The Unfathomable Color Blue

The Unfathomable Color Blue

Blue is the king among all colors. It is hands down the most popular color in the world, among both men and women in almost every country. Blue is appealing to people, intriguing to researchers, and divine to the spiritually minded. It is pleasing to the eye and calms and soothes the mind; yet it is powerful, both scientifically and spiritually. In the scientific sense, its short wavelengths have the highest energy in the visible light spectrum. Spiritually speaking, it is the color of the Infinite, the color that Bhagavan has chosen for Himself. It is said that a blue light shines in one’s heart when one progresses in dhyana, irrespective of the aspirant’s spiritual path or even religion.

In nature, this powerful blue appears to be ubiquitous around us. The omnipresent sky is blue. The vast oceans, seas, and lakes are blue. Yet, apart from these two pervasive aspects of nature, believe it or not, blue is extremely rare in natural landscapes and life forms.
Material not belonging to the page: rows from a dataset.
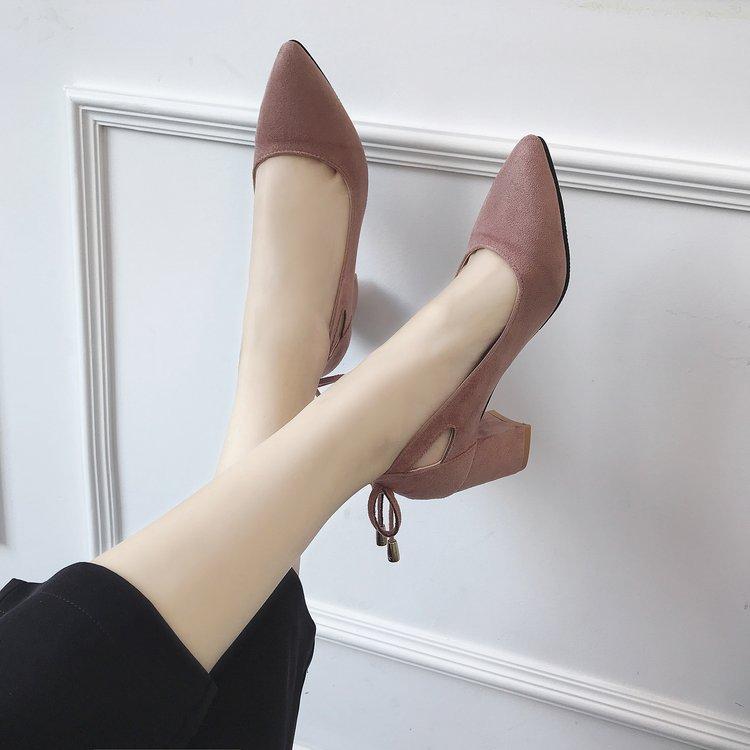 Women's Pointed Toe Chunky Heeled Single Shoes Shallow Mouth Suede Medium Heeled Work Shoes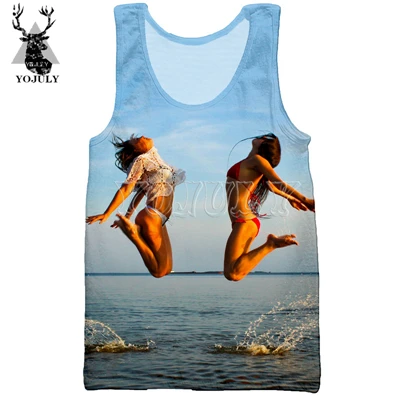 Vest YOJULY унисекс модные 3d печати Топы Для мужчин Для женщин летние пляжные спортивные Фитнес Повседневное уличной сексуальные красоты модель жилет VE02 - Цвет: Vest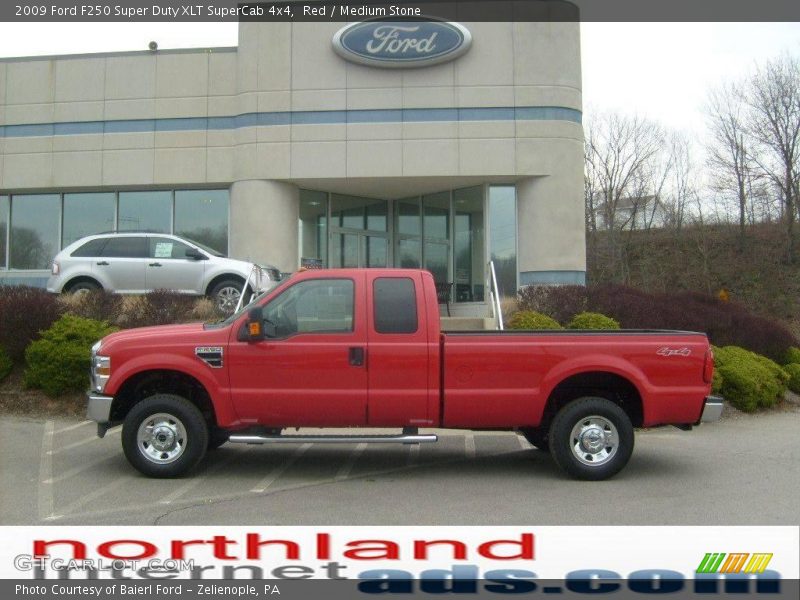 Red / Medium Stone 2009 Ford F250 Super Duty XLT SuperCab 4x4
Look out your window. Or go to a park. How many leaves, flowers, insects, birds, animals, or stones do you see that are naturally blue? Maybe some bluebonnets or a couple of blue jays, if you are in Texas in springtime; or perhaps a few peacocks if you are in a place like Vrindavan or Sivakasi. But these are not very commonplace for us; nor are the true blue minerals or rocks, or other species of flora and fauna that sport blue; even to researchers who go hunting for them.

Source: www.pixabay.com

Scientists and writers have explored how the color blue is rare in nature. Natural blue pigments have been historically rare (and hence prized by some ancient cultures) because there were very few minerals or rocks from which they could be made. Research has also discovered how the few blue flowers and blue-winged butterflies actually have completely different ‘blue-producing’ mechanisms. Blue flowers and blue minerals look blue to us because the pigments or crystal structures in them absorb lower energy wavelengths of light and reject the high energy (blue) wavelengths. So, the color they reject is the color we see them as. On the other hand, the rare blue that we see in birds, insects, and animals is mostly the result of the unique manner in which the cell structures on their wings, feathers, or skin are arranged – in such a way that it reflects only the short blue wavelengths of light.
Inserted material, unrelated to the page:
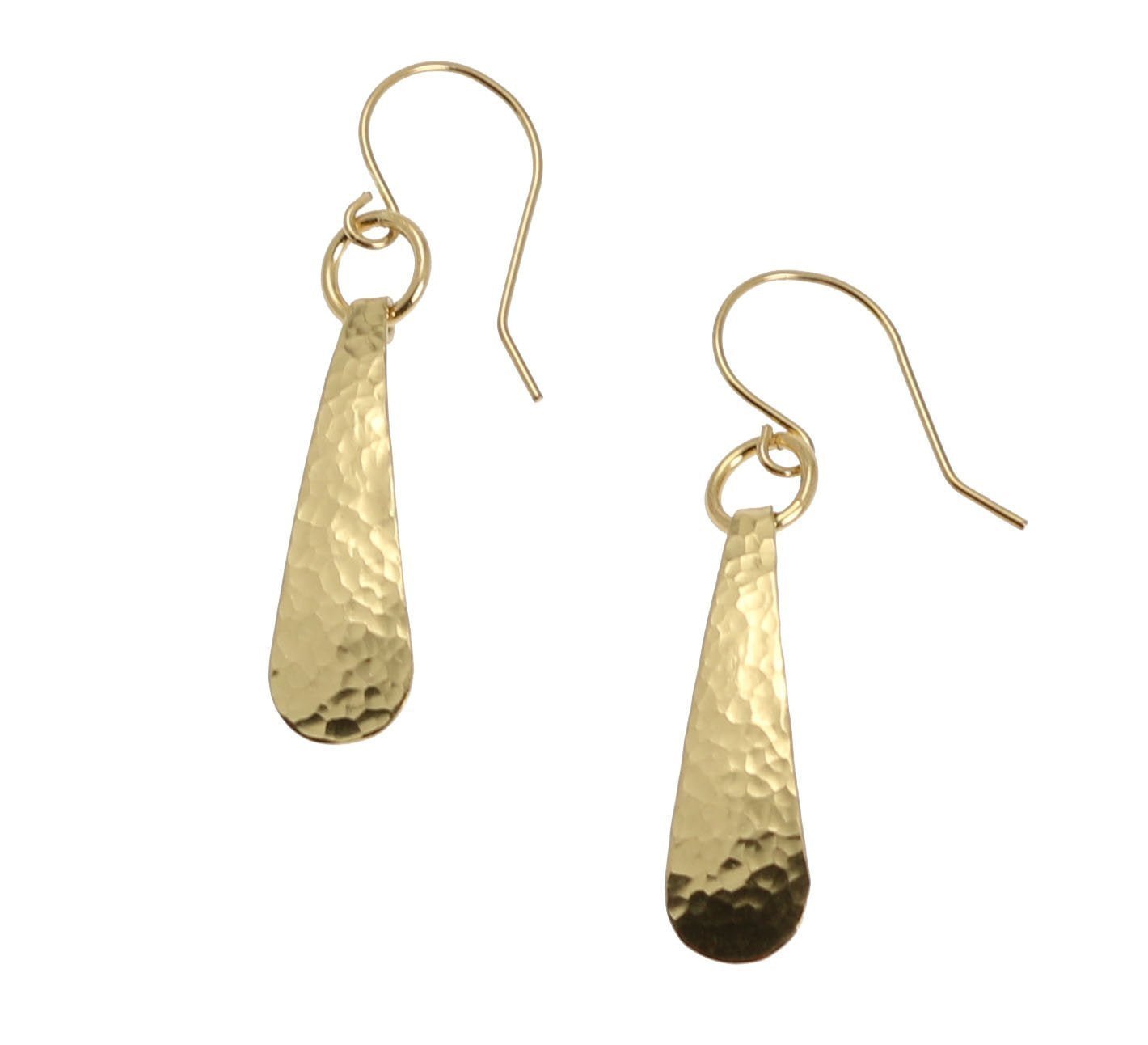 A Pair of Mini Hammered Teardrop Nu Gold Brass Earrings on a White Background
“With blue, it’s like a whole canvas that you can still paint on. Maybe because it is rare in nature and maybe because we associate it with things that we can’t really touch, like the sky and the sea, it’s something that is very open to different associations,” says writer Kai Kupferschmidt, author of a recently published book, “Blue: In Search of Nature’s Rarest Color.”
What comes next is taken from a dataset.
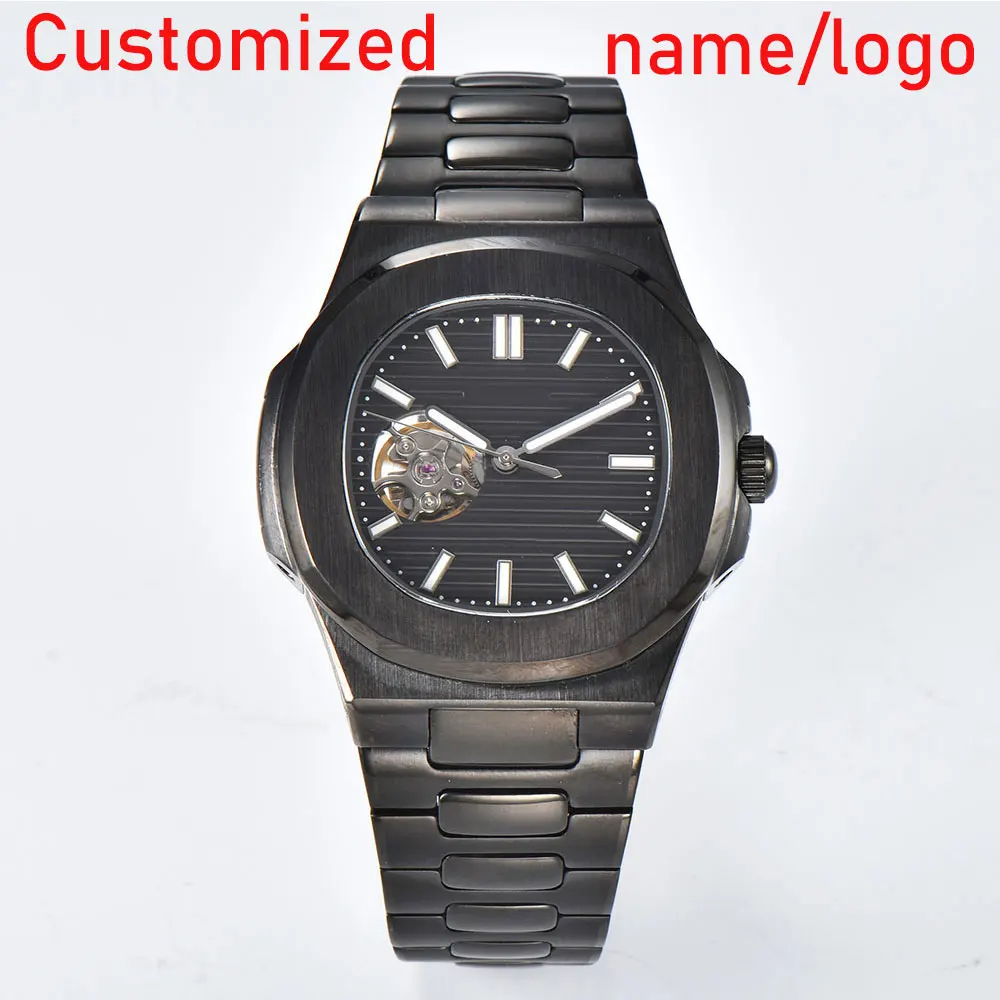 NH38 watch custom logo men\'s watch hollow dial stainless steel watch sapphire glass men\'s custom watch NH38 automatic movement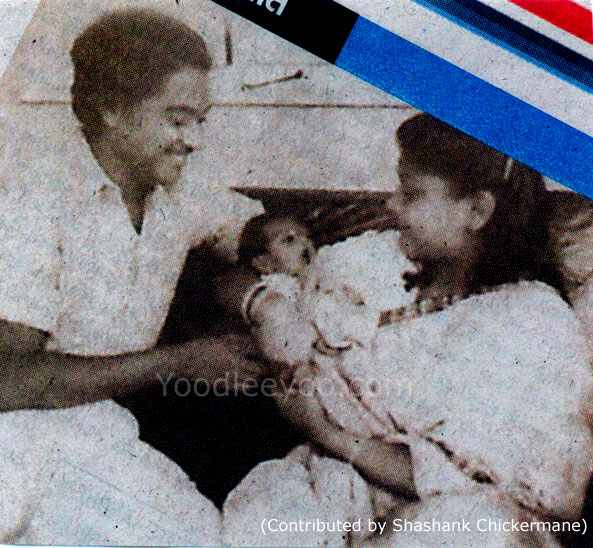 Kishore and Ruma with baby Amit Kumar (contributed by Shashank Chickermane)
It is amazing and intriguing how the world’s most popular color is, in nature, both the most ubiquitous as well as the rarest to occur.

While answering a question about why Krishna was blue, our Sri Swamiji said, “The sky is vast and grand. It is actually colorless. But we see it as blue. The ocean is vast and grand. Water is actually colorless. But it appears blue to us. All that is grand, vast, and all-pervading appears blue. Similarly, our Krishna is also All-Pervading, and we say that He is blue in color.”

So for us, blue is the color Krishna chose for Himself, and hence it is divine. Anything associated with blue is grand, vast, infinite, all-pervading, and also rare to be seen. Just like Krishna is. No wonder then that it is also unfathomable.